[Brief descriptive captions]
--- --- ---

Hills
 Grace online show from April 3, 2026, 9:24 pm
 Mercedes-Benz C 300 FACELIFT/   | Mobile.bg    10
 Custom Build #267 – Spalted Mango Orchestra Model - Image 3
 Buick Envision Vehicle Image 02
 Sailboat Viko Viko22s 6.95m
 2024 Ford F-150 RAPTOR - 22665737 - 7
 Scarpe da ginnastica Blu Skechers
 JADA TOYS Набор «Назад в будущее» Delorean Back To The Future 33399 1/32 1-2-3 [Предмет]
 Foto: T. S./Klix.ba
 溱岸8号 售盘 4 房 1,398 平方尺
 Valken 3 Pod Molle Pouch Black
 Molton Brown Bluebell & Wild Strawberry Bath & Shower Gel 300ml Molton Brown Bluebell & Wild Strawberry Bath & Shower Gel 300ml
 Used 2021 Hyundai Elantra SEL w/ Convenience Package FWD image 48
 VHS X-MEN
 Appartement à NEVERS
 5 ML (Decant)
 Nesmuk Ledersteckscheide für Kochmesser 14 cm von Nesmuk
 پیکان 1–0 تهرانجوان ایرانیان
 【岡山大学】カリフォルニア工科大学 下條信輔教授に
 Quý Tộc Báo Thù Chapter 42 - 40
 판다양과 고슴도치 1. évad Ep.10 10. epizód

--- --- ---

> [WORK REQUEST]: Copy the records above exactly.

> [ANSWER BELOW]:
Hills
 Grace online show from April 3, 2026, 9:24 pm
 Mercedes-Benz C 300 FACELIFT/   | Mobile.bg    10
 Custom Build #267 – Spalted Mango Orchestra Model - Image 3
 Buick Envision Vehicle Image 02
 Sailboat Viko Viko22s 6.95m
 2024 Ford F-150 RAPTOR - 22665737 - 7
 Scarpe da ginnastica Blu Skechers
 JADA TOYS Набор «Назад в будущее» Delorean Back To The Future 33399 1/32 1-2-3 [Предмет]
 Foto: T. S./Klix.ba
 溱岸8号 售盘 4 房 1,398 平方尺
 Valken 3 Pod Molle Pouch Black
 Molton Brown Bluebell & Wild Strawberry Bath & Shower Gel 300ml Molton Brown Bluebell & Wild Strawberry Bath & Shower Gel 300ml
 Used 2021 Hyundai Elantra SEL w/ Convenience Package FWD image 48
 VHS X-MEN
 Appartement à NEVERS
 5 ML (Decant)
 Nesmuk Ledersteckscheide für Kochmesser 14 cm von Nesmuk
 پیکان 1–0 تهرانجوان ایرانیان
 【岡山大学】カリフォルニア工科大学 下條信輔教授に
 Quý Tộc Báo Thù Chapter 42 - 40
 판다양과 고슴도치 1. évad Ep.10 10. epizód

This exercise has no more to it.